It is therefore possible to move all the processes used by a given item of equipment. This can in particular make the application independent of this item of equipment, for example in the case of a computer being down for maintenance or replacement.
With a similar objective, the invention also proposes to use the above method in order to produce a method for the suspension of a software application comprising at least one process executed on at least one computer, this suspension method comprising the following steps:

- capture of the state of all the processes of the application, by a method such as described above;
- use of the result data, originating from the capture, in order to store a software object called checkpoint, representing a state of this application at a point of its execution;
- use of data from the checkpoint in order to restore at least one or more clone processes into a state reproducing the state of all the captured processes.

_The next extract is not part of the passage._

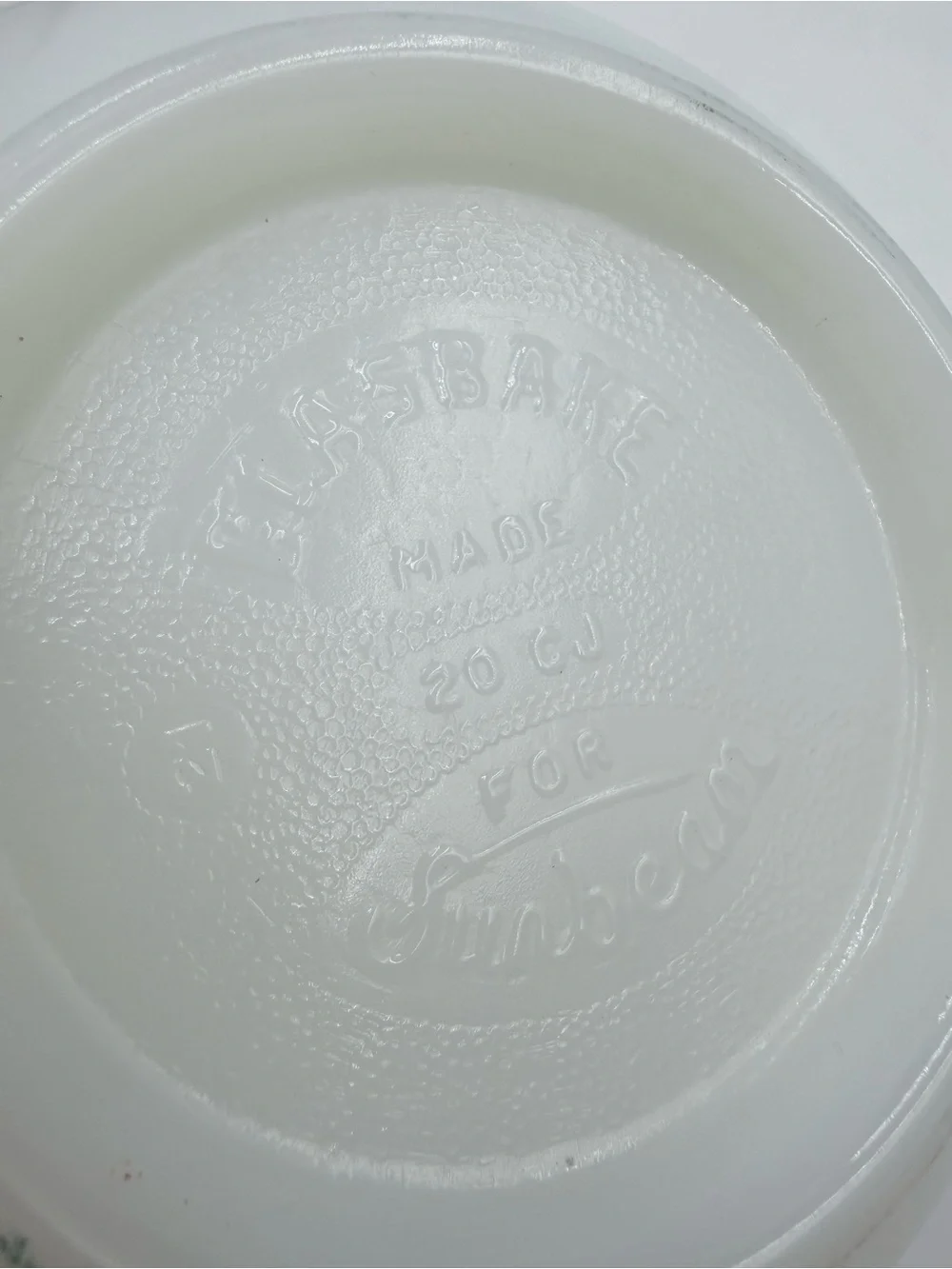 Vintage Glasbake For Sunbeam Milk Glass Small Mixing Bowl w Spout 20CJ Excellent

It is thus possible to back up in the storage means all of an application in its state at a given moment. Such a backup can then be saved and stored, for example as evidence or for security.
The restoration step may be carried out on the same machine or on another, at the chosen moment. It is thus possible to facilitate the maintenance or replacement of a machine, in particular if it is not possible to transfer the application into another part of a cluster. Therefore, it is also possible to facilitate the transfer of an application to one or more other machines, for example with which there are no direct digital communications.
Another aim is to propose a method for carrying out an improvement in the continuity of operation of a software application being executed in a multi-computer architecture.
This aim is achieved by a method for reliabilizing the functioning of a software application, termed reliabilized application, executed in a multi-computer architecture (cluster) and providing a given service, at least one process of this application being executed at a given moment on at least one computer from the cluster, called primary or operational node, other computers from said cluster being called secondary nodes. This reliabilization method implements a management method as described above in order to carry out at least one capture operation and at least one restoration operation, and comprises the following steps:

- capture by at least one controller process of the state of all the processes of this reliabilized application;
- use of the result data, originating from the capture, in order to store a software object called checkpoint, representing a state of this reliabilized application at a point of its execution;
- detection within the operational node of a hardware or software failure affecting the functioning of the reliabilized application;
- use of all or part of the checkpoint data in order to restore, on at least one secondary node, one or more processes of a backup application into a state reproducing the state of all the processes of the reliabilized application;
- switching all or part of the service to the backup application of at least one of said secondary nodes.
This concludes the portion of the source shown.